In our first first pass creating True Contribution we calculated the stake weighted Meta Model by leaving each user out in turn used the production optimizer to generate the corresponding portfolios, calculated the returns and then compare to the full stake weighted Meta Model in order to calculate “True Contribution”. There are a few problems with this formulation:
- A user’s contribution is then heavily dependent upon their stake and identical signals with the same stake get different scores
- Because users with 0 stake would always have 0 contribution there is no way to calculate the metric for unstaked users
- Users with small stakes would always have ~0 contribution
- Because the production optimizer starts from our current portfolio and enforces turnover constraints, the TC scores are heavily dependent on our past portfolios which users have no knowledge of or control over
Our latest version of TC fixes all these issues while retaining the realism of portfolio construction and returns. To do this, first we realized that the leave-one-user-out method is really just approximating a gradient calculation. What we really want is a quantification of how changing a user’s stake changes the portfolio returns, which is the gradient of portfolio returns with respect to users’ stakes. A true gradient calculation would also have the nice properties that 1) it can be computed for all users simultaneously from a single portfolio optimization rather than computing a separate optimization for each user held out and 2) it will assign the same values to identical signals with different stakes 3) it will assign proper values to 0 stakes. This first property is important for our AWS bills while the second and third properties are important for fairness in the tournament.

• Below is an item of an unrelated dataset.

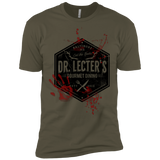 Dr. Lecter's Gourmet Dining Men's Premium T-Shirt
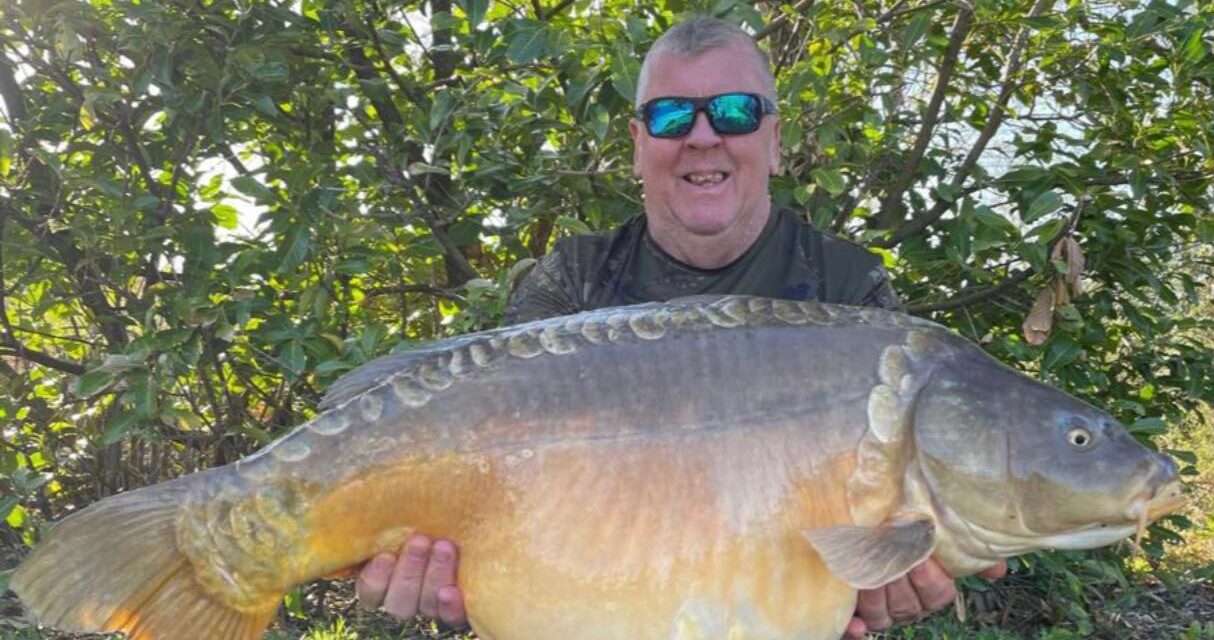 Lac Cimes Carp Fishery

But performing a true gradient calculation would require taking a derivative through our portfolio optimizer, which is impossible, right? Actually, no! This seemingly magical feat can be accomplished quite simply using cvxpylayers. This remarkable package based on this award winning 2019 research paper by Agrawal et al. allows you to include a cvxpy defined convex optimization as a layer in a PyTorch model. Below is our fully differentiable PyTorch module for calculating a portfolio from user predictions and stakes using a simple Linear layer and our cvxpy based optimizer.
class SWMModel(nn.Module):
# Simple end-to-end portfolio model
def __init__(self, num_stakes, context, optimizer):
super().__init__()
self.optimizer = optimizer
self.context = context
# set initial portfolio to 0
self.context.current_portfolio[:] = 0
# stake weighted Meta Model as a Linear layer
self.lin1 = nn.Linear(num_stakes, 1, bias=False)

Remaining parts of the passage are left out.